28 de noviembre de 2019

UNA CAJITA MUSICAL


Ojalá fuera posible guardar en palabras las cosas de la realidad. Podemos describirlas, podemos medirlas y tasarlas, pero nunca lograremos que un mero conjunto de sustantivos y verbos devuelvan ningún modelo. 

Está en la naturaleza del tiempo. Las cosas huyen, los seres queridos se nos escapan de cualquier definición o nombre. Nosotros mismos moriremos. ¿Nos reflejarán nuestros propios escritos, o también nosotros pasaremos al olvido o nada? 

Los textos pueden durar un poco más, pero no para siempre. Tienen eso de que podemos duplicarlos, cosa que no ocurre con los seres queridos, con uno mismo.
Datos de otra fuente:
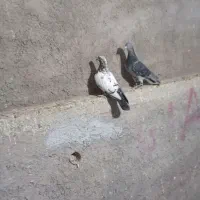 پلاکی و تهرانی حمال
Y ahí está la trampa: porque, al ser duplicables, también pueden ser alterados, y, entonces, ¿quién los escribió? Ni el autor, supuestamente incólume, queda en pie. 

No podemos contra el vértigo, la voracidad del tiempo. El tiempo, o de la angustia: esto que escribo ahora lo escribo quizá desde una supuesta calma, pero es esa raíz, que muerde, de todo intento de perduración a través de la palabra lo que mueve, ignorada o confesamente, al escritor. 

No es que "todo pasa", sino que "todo pasa, hélas!". Es eso apenado y contrito, parte de la misma frase, el quejido de la melancolía. No somos indiferentes al paso del tiempo, porque nosotros mismos seremos engullidos por su torbellino final. 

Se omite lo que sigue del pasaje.